By Myra P. Saefong and William Watts

EIA reports a smaller weekly rise in crude stockpiles than the API

Oil futures declined on Wednesday but settled off the session's lows after official U.S. data revealed a weekly increase in commercial crude inventories that was smaller than what was reported by an industry trade group.

Price moves

West Texas Intermediate crude CL00 for May delivery CL.1 CLK24 fell 27 cents, or 0.3%, to settle at $81.35 a barrel on the New York Mercantile Exchange after trading as low as $80.55.May Brent crude BRNK24, the global benchmark, edged down by 16 cents, or 0.2%, to settle at $86.09 a barrel on ICE Futures Europe. June Brent BRN00 BRNM24, the most actively traded contract, declined 22 cents, or 0.3%, to $85.41 a barrel.April gasoline RBJ24 shed 0.6% to $2.68 a gallon, while April heating oil HOJ24 declined by 0.9% to $2.60 a gallon.Natural gas for May delivery NGK24 ended at $1.72 per million British thermal units, down 3.9%.

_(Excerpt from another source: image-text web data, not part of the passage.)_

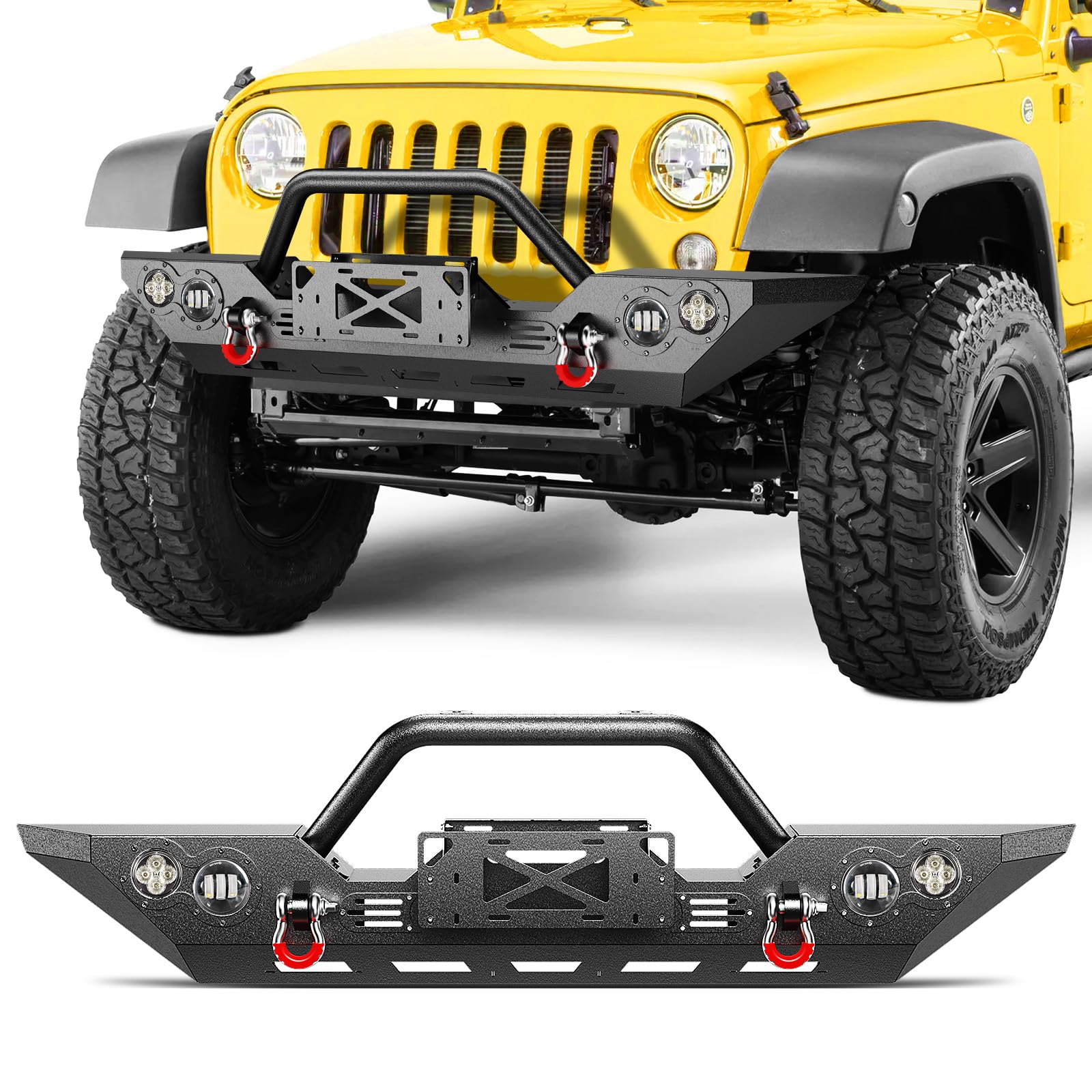 Photo 1 of **Factory Sealed** KYX Front Bumper Compatible for 2007-2018 Jeep Wrangler JK/JKU 2018-2024 JL/JLU 2020-2024 Gladiator JT, Gladiator Bumper with Winch Plate, 4X LED Lights, D-rings, Upgraded Off Road JK Front Bumpers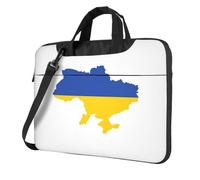 qahuopp Borsa per computer con stampa mappa della bandiera dell'Ucraina, con maniglia per il trasporto, custodia protettiva per computer portatili da 13", 14", 15,6", Nero , 13 inch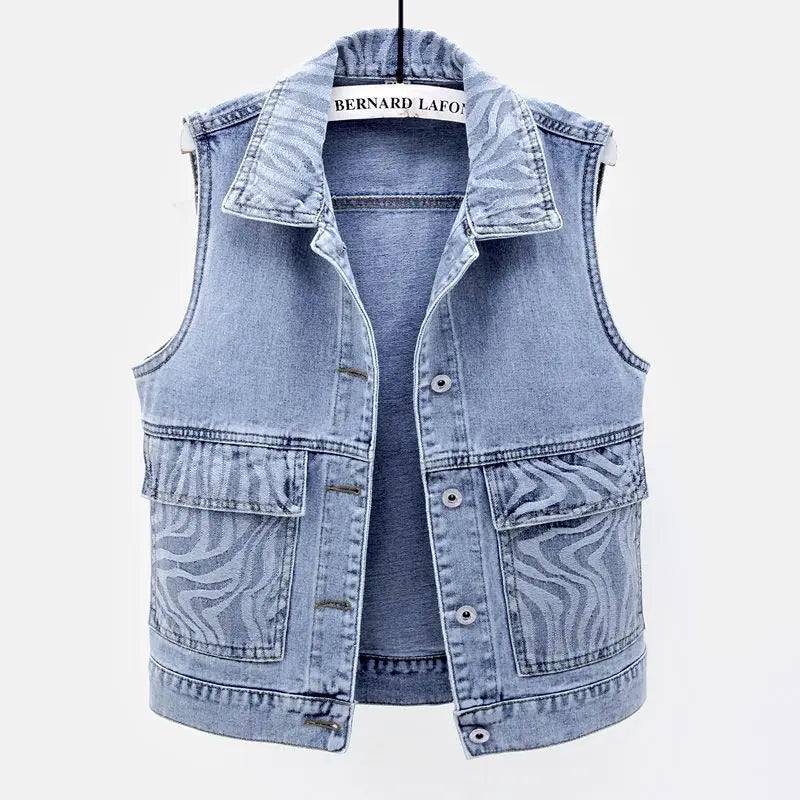 Women's Denim Vest Jacket 2025 Spring Autumn Stripe Splicing Short Jean Waistcoat Casual Tops Sleeveless Outerwear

Oil prices on Wednesday settled modestly lower, but given the holiday-shortened week and the upcoming end to the first quarter, Tariq Zahir, managing member at Tyche Capital Advisors, said a "little weakness in the energy complex" isn't surprising.

Oil trading on Nymex and ICE Futures Europe will be closed March 29 for Good Friday.

Read: Is the stock market open on Good Friday?

Still, the weakness in oil prices is likely to be short-lived, said Zahir.

"With the upcoming summer driving season right around the corner and the instability still with us in the Middle East, along with the extension of supply cuts by OPEC, we do expect the energy complex to resume the upward trend we have seen in the past few weeks," he told MarketWatch.

Read: Oil could trade near $100 this year. Here's what could drag prices back down.

Supply data

U.S. commercial crude inventories posted their first climb in three weeks, with the Energy Information Administration on Wednesday reporting a climb of 3.2 million barrels for the week that ended March 22.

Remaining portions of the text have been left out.